It's true that the html isn't great practice, but it's around and people have to deal with it. I think what will help here is normalize-space()
. Try this in a chrome console on a page that has that html:
$x(`//label[contains(normalize-space(), "some text")]`);
I think the above code breaks down into this:
- Find all
label
nodes
- For each of those nodes
- Get all the
text
nodes inside that node and its descendant nodes
- Combine their text
- Remove extra whitespace from the text in each text node
- If the exact string I want ("some text") is in there, add that
label
to the list of nodes to return.
- Return a list of all the nodes that had that text (or an empty list if none matched)
To get a bit more complicated, if I want to find the node that is the direct parent of a text
node that has "some text" I can do this:
$x(`//label//text()[contains(normalize-space(), "some text")]/..`);
That gets tricky, though. For every text
node that contains the given string, it gets the direct parent. It works fine for this because "some text" is all in one text
node. In other situations it could trip someone up. For example, look at this html:
<label>
<span> text </span>
some other text
</label>
As a human, I can read "text some other text" so it seems like I should be able to find the parent of "text some". If I use the first method to look for a label
with "text some" in it, this code will find that label
just fine:
$x(`//label[contains(normalize-space(), "text some")]`);
That's because a combination of all the text nodes does have "text some" in it. I can't use the second method, though. For example, using this code on that html only gives me an empty list:
$x(`//label//text()[contains(normalize-space(), "text some")]/..`);
That is because when xpath looks in each individual text
node, none of them has "text some" inside it. If I think about it, "text some" doesn't really have one direct parent. It sort of has two direct parents. xpath chooses to give no parents instead of both of them. Seems fair enough.

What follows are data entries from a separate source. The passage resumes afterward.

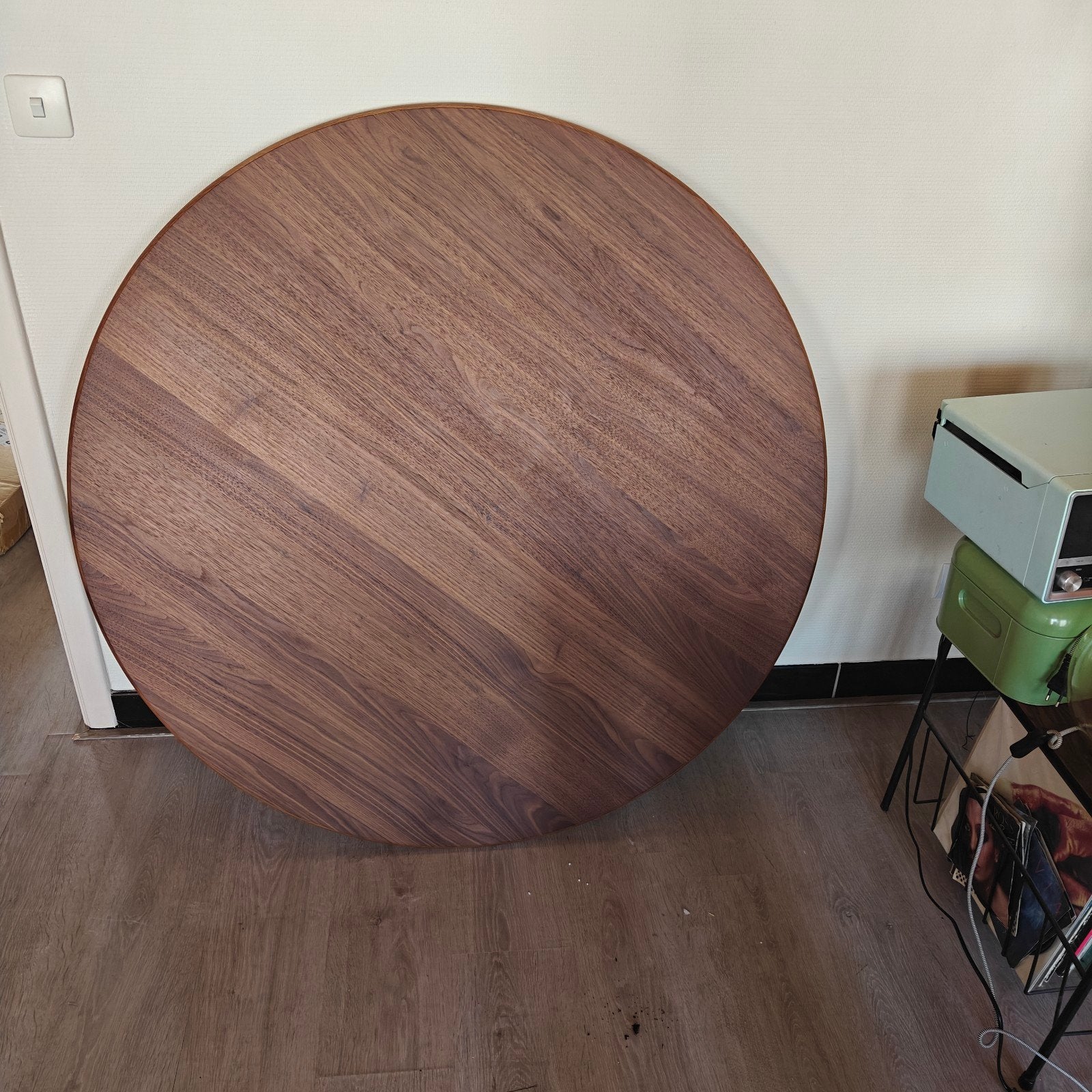 Tafelblad eikenhouten look (120cm), Ophalen, Rond, Nieuw, Vier personen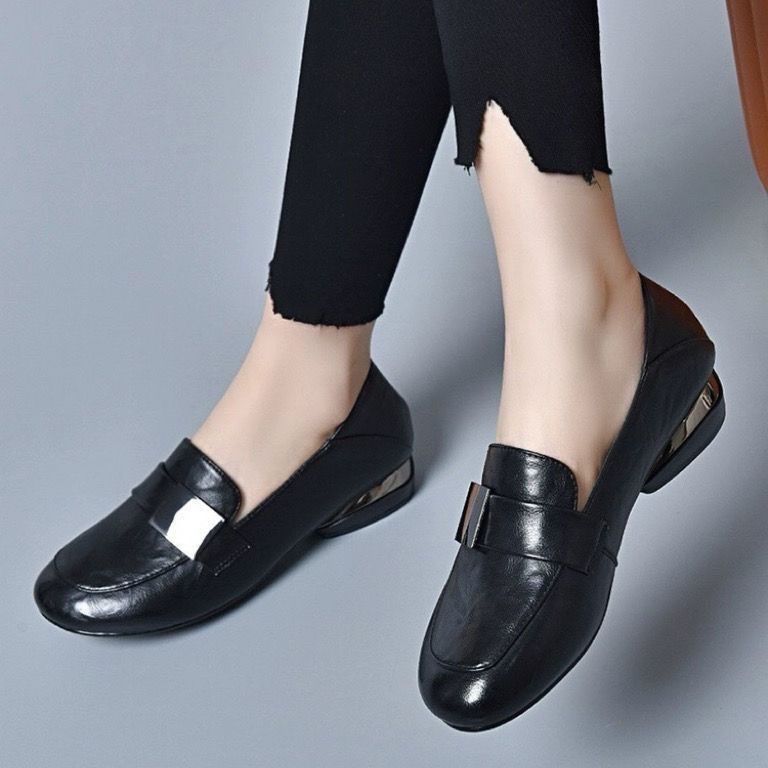 Zapatos de salón para mujer de punta redonda y tacón de bloque
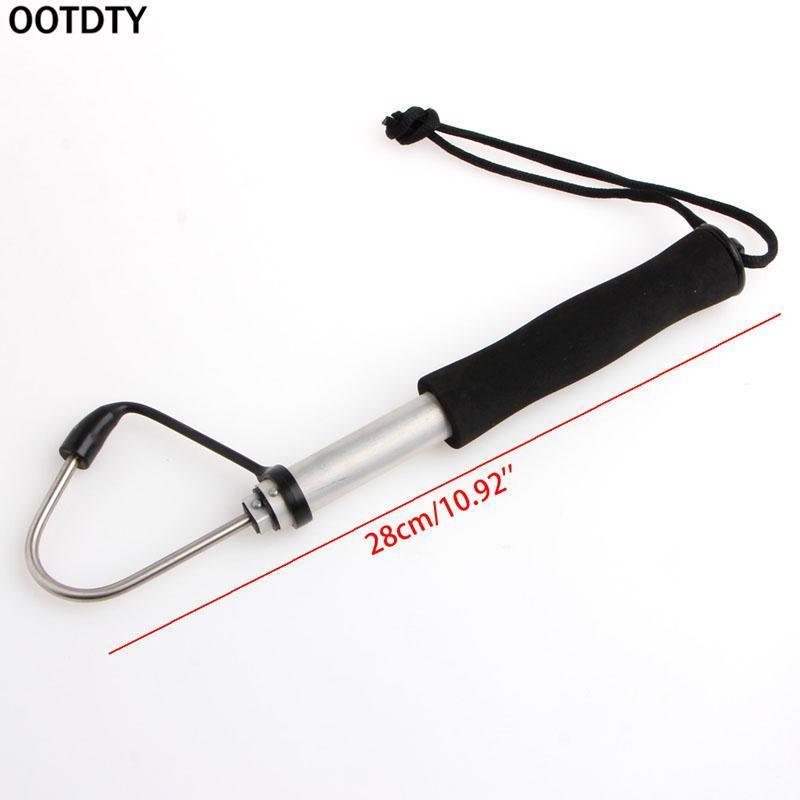 Ootdty Fishing Spear Hook Tackle Telescopic Retractable Fish Gaff Stainless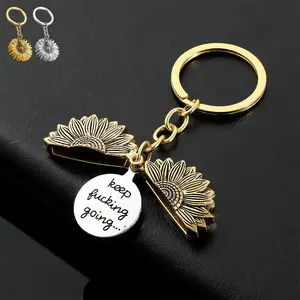 Sunflower Keychain Inspirational Gifts for Women Men Birthday valentines Gifts for Best Friend Student Graduation - Keep Fucking Going Keychain
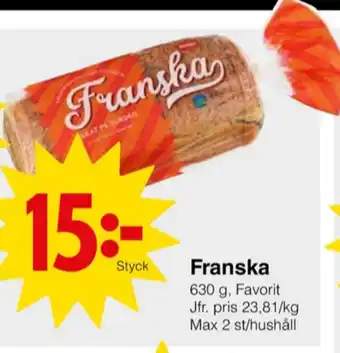 Matöppet Franska bröd erbjuda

I haven't found any great explanations of normalize-space()
and I don't know why it combines the text of all its descendant nodes. As far as why text()
doesn't work, I found this answer from 2014:
text()
is short for child::text()
, and selects the text nodes that are immediate children of the label element.
-- https://stackoverflow.com/a/26823289/14144258
It might still be right.
Also, I know this is an old question, but I ran into the same problem trying to troubleshoot my own code and it took ages to find a solution.